I earlier write about new camera technologies concentrating on light field photography. There are many other new camera technologies that deserve to be mentioned.
Is ‘vision’ the next-gen must-have user interface? article tells that IMS Research issued recently a press release questioning if Apple and the iPad are falling behind competitors in user interface technologies. The industry still wants to know: Where will the battle lines be drawn for the next-generation user interface – beyond touch. Will it be gesture, motion, or voice? A growing number of FPGA, DSP and processor companies are now betting the future on embedded vision. Jeff Bier, president of Berkeley Design Technology, Inc., said, “Thanks to Microsoft’s Kinect (used in Xbox 360), we now have ‘existence proof’ for embedded vision. We now know it works.” Embedded vision is in fact a “classic long-tail story”: There are thousands of applications; and its market is extremely diverse. IMS Research said the market for intelligent automotive camera modules alone was estimated at around $300 million in 2011 and is forecast to grow at an average annual rate of over 30% to 2015. The article also mentions some interesting application examples which are worth to go through.
The next killer app: Machines that see article asks: Do embedded processors shape applications, or is it the other way around?
In reality, it works both ways. This is particularly evident in digital-signal-processing-intensive applications, such as wireless communications and video compression. These applications became feasible on a large scale only after the emergence of processors with adequate performance and sufficiently low prices and power consumption. And once those processors emerged, these applications started to take off. Then, the growing market attracted competition and investment.
Image processing has evolved to state that many things earlier though to be science fiction or available to intelligence agencies are nowadays widely available. Facebook Facial Recognition: Its Quiet Rise and Dangerous Future article tells that new facial recognition technology used to identify your friends in photos could have some interesting applications–and some scary possibilities. Facebook would be using facial recognition to suggest the names of friends who appeared in newly uploaded photos. Fake ID holders beware: facial recognition service Face.com can now detect your age article tells that fake IDs might not fool anyone for much longer, because Face.com claims its new application programming interface (API) can be used to detect a person’s age by scanning a photo. With its facial recognition system, Face.com has built two Facebook apps that can scan photos and tag them for you. The company also offers an API for developers to use its facial recognition technology in the apps they build. Its latest update to the API can scan a photo and supposedly determine a person’s minimum age, maximum age, and estimated age.

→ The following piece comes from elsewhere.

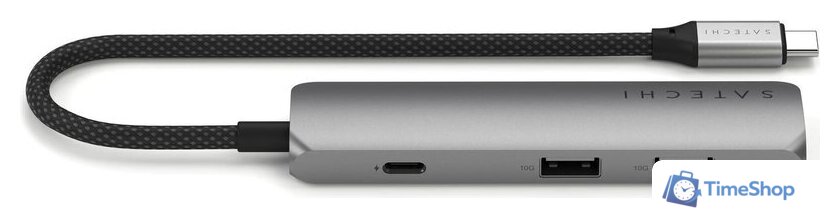 Док-станция Satechi 4-in-1 USB-C Slim Multiport Adapter 4K ST-P4SM (серый) - Изображение №2 — Интернет-магазин Time-Shop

Image editing is nowadays easy and images everywhere. Digg pointed to article Verifeyed uses a camera’s ‘mathematical fingerprint’ to find manipulated images that tells that nalysis startup Verifeyed wants to bring a new a sense of legitimacy to the world of digital images. Image editing tools like Adobe Photoshop easily allow the creation of fake images with just a few clicks, so as a result, digital images have lost their trustworthiness. Verifeyed plans solve the problem using its patent pending technology that is able to certify the originality (or absence of modification) for digital images taken from any device. It uses math (a lot of it) — a product of the founders specialty as PhD researchers in the area of applied mathematics. This could be valuable for example insurance companies authenticating claims.
Are gestures suitable to be used as camera user interface? What if framing a scene with your fingers actually caused photos to be created? Air Camera Concept Shoots When You Pretend to Take a Picture article tells about a clever camera concept “Air Camera” by designer Yeon Su Kim that would make that idea a reality. It consists of two components: a ring-like camera worn on the thumb, and a tension-sensing device worn on the forefinger. If the tension unit senses that you’re making a camera gesture, it triggers the camera to snap a photo. Make a video camera gesture, and it begins recording video!
Actually this idea isn’t very new. It was mentioned a few years back in Ted talk discussing SixthSense technology (time 6:28). Prototype Camera Lets You Shoot Photos by Framing Scenes with Your Fingers article tells that Air camera concept may soon become a reality. Researchers at IAMAS in Japan have developed a tiny camera called Ubi-Camera that captures photos as you position your fingers in the shape of a frame. The shutter button is triggered with your opposite hand’s thumb, and the “zoom” level is determined by how far the camera is from the photographer’s face.